* **Work order**: Exclude all pictures, then copy each of the records exactly as written.

━━━━━━━━━━━━━━━━━━━━

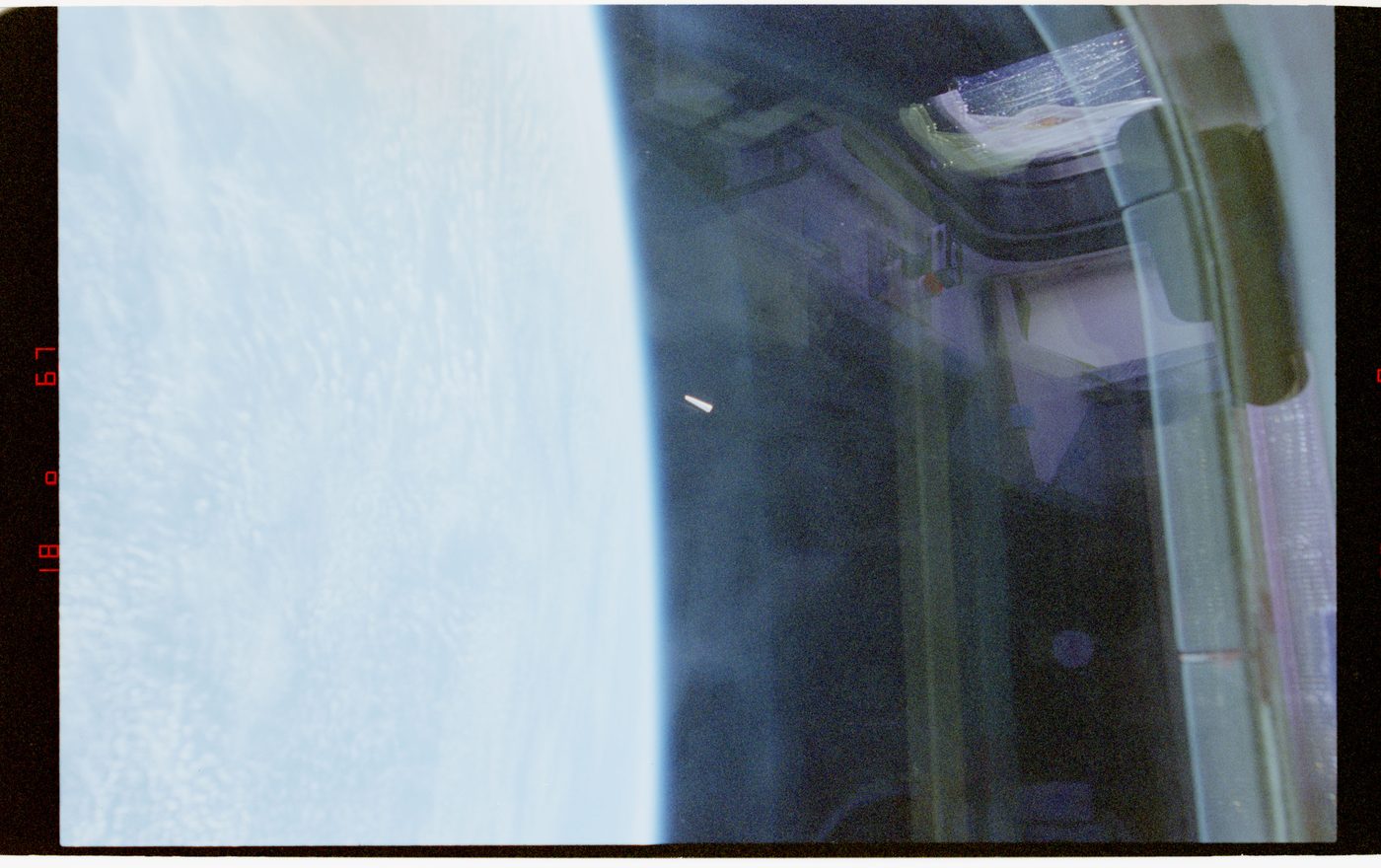 NASA photograph from STS-80 showing a small white object in low Earth orbit near the limb of the Earth, seen through the shuttle window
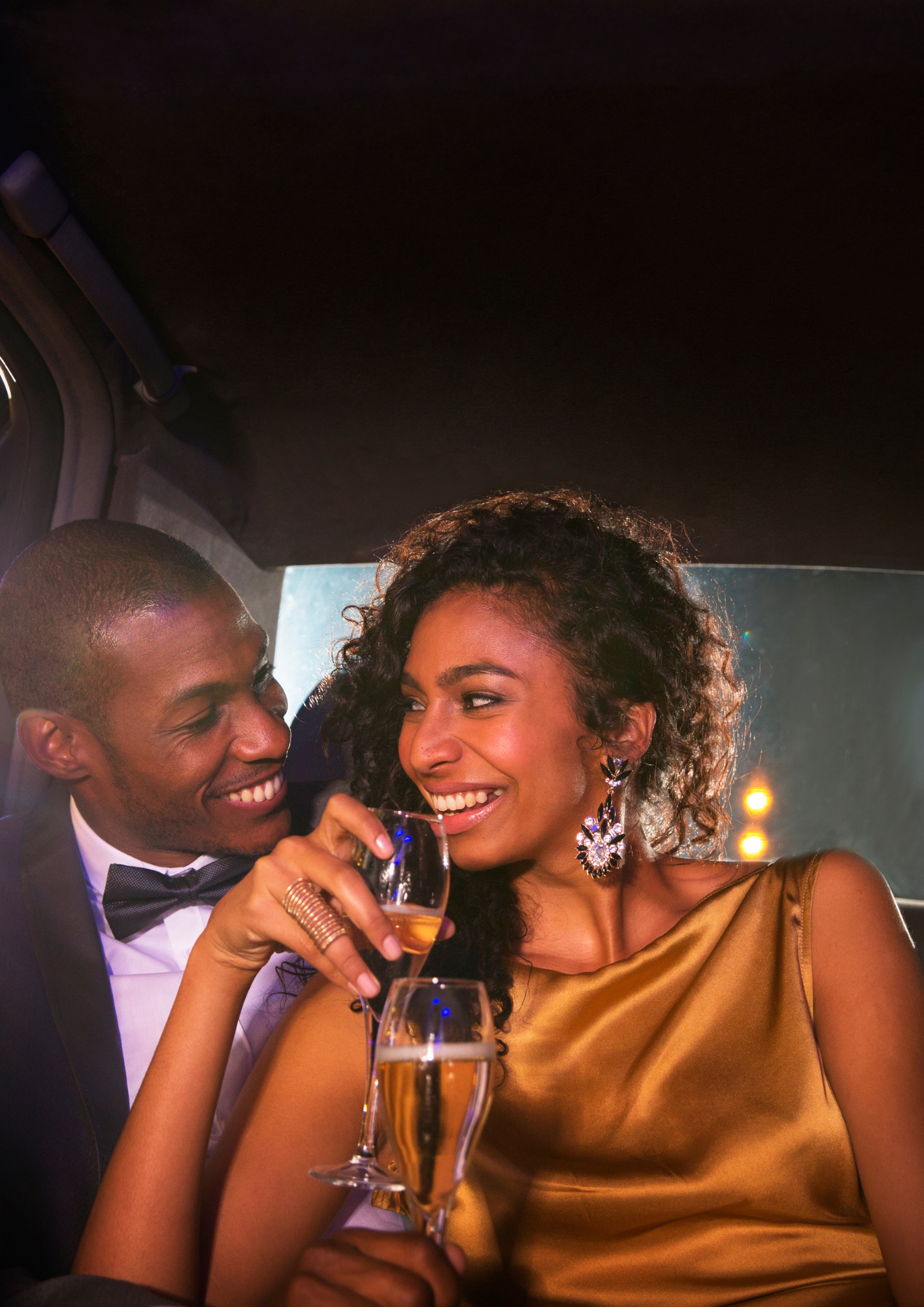 A couple inside a limousine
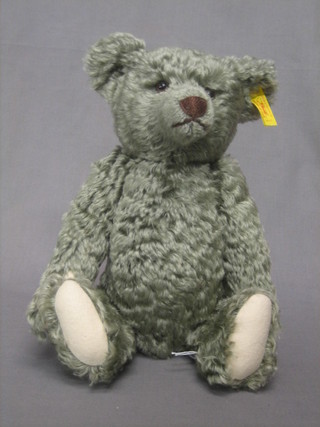 A Steiff green coloured teddybear with articulated body, the label to the ear marked 00317 13"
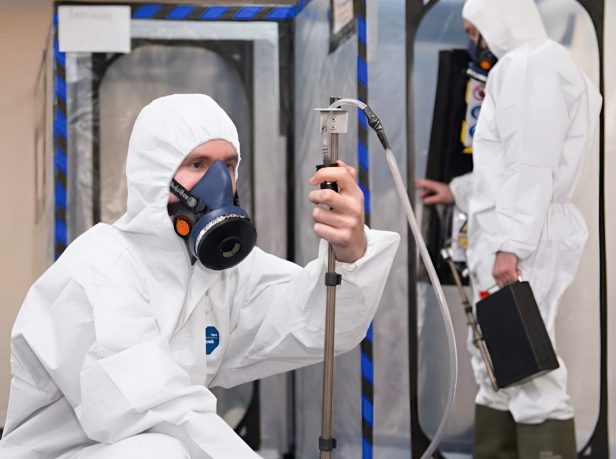 UKAS-accredited analyst carrying out independent asbestos air monitoring and clearance testing inside a sealed enclosure in Surrey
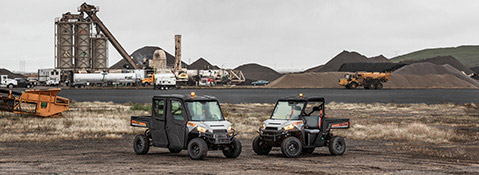 Dos Polaris Commercial XD Full-Size Diesel estacionados en una zona industrial, uno con cabina cerrada y otro con cabina abierta.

━━━━━━━━━━━━━━━━━━━━

* **Response for this exercise**:
 NASA photograph from STS-80 showing a small white object in low Earth orbit near the limb of the Earth, seen through the shuttle window
 A couple inside a limousine
 A Steiff green coloured teddybear with articulated body, the label to the ear marked 00317 13"
 UKAS-accredited analyst carrying out independent asbestos air monitoring and clearance testing inside a sealed enclosure in Surrey
 Dos Polaris Commercial XD Full-Size Diesel estacionados en una zona industrial, uno con cabina cerrada y otro con cabina abierta.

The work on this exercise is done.